Your program shoud read in the file names.txt. It must store the data in a dictionary, where the keys are the names and the data stored at each key is a list, containing eleven integers representing the ranks. After reading and storing the entire file, it should loop, asking the user to enter a name. If the name is a key in the dictionary, it should display a graph like the one at the top of this page, using the module canvasPlot.py. For every year, the height of the line corresponds to 1000-(the rank of the name), so that if a name has low rank, its line appears higher on the graph. The exception to this rule is that if a name has rank zero, that means it did not make the top 1000, so its line should appear at the very bottom of the graph.

When the user kills the window containing the graph, your program should ask for another name, until nothing gets entered. It is OK to make the user capitalize the first letter of the name.

Suggested steps

First, open names.txt and make a file reading loop that prints out just the first line of data (it's a very big file, don't print the whole thing).

Then, extract the name ("A") from the line, and the strings representing the eleven ranks. Convert the ranks to integers, replace all zeros with 1000, and put them into a list. Print out the list to check that it is a list of eleven integers.

Create an empty dictionary, and then store your list into the dictionary using the name as the key. Then try retrieving the list from the dictionary, using the key, and print it out to make sure this is working.

Once you can handle the first line, you can probably handle the whole file. Make a loop which reads the whole file, storing the data from every line into the dictionary as you go along. Put the loop into its own function, which returns the dictionary.

Once you have the dictionary, try getting data out of it. Get a name from the user, and look up and print out the list stored under that name. If the user does not enter a name, just hits return, your program should exit.

Now work on drawing the graph using the canvasPlot module. You will have to modify the module. Start out by running it as it's own program to see what it does. Look at it's main() function to see how drawPlot is called.

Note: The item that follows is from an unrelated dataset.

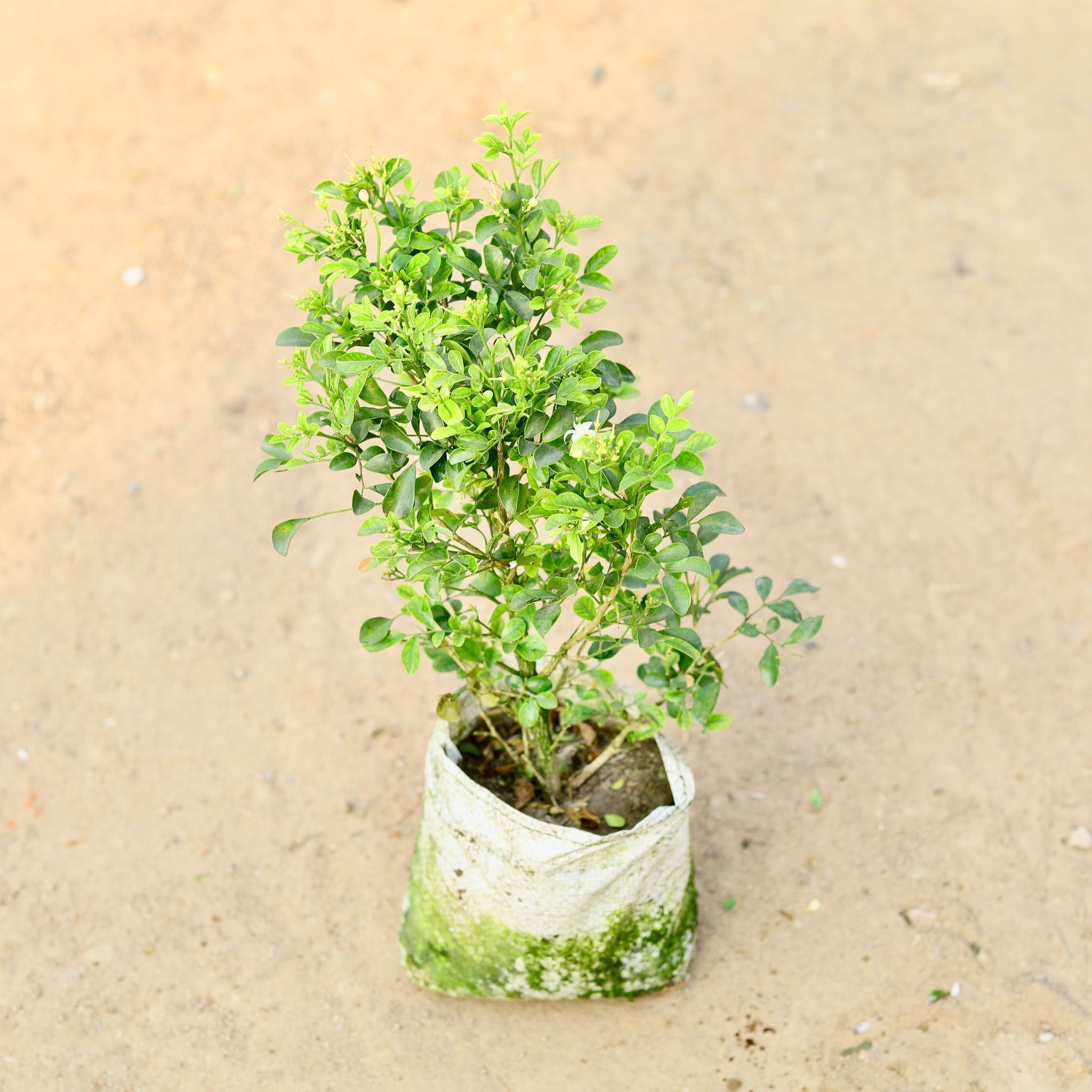 Madhu Kamini / Murraya Scented Dwarf in 7 Inch Nursery Bag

It is a good idea to make a little sketch on paper of a typical graph, to keep track of what the coordinates of the various line end-points are in the window.

The graph as given is drawn in a 300x200 rectangle, starting at position (100,250) in a window of size 450x300 (remember the y-position is 0 at the top and 300 on the bottom). You can use the same rectangle, but you'll need to change the labels on the x axis to 1900-2000, and the labels on the y axis from 0 at the bottom to 1000 at the top.

Then you'll need to rescale your data so that, for instance, the pair (1900, 1000) is rescaled to the window position (100,50) (upper left corner in the 300x200 rectangle where the chart goes). An example of rescaling is included in the main() function in canvasPlot.

Programming advice

Remember, writing a big program is a constant battle against bugs. Developing the program slowly and methodically helps find them quickly.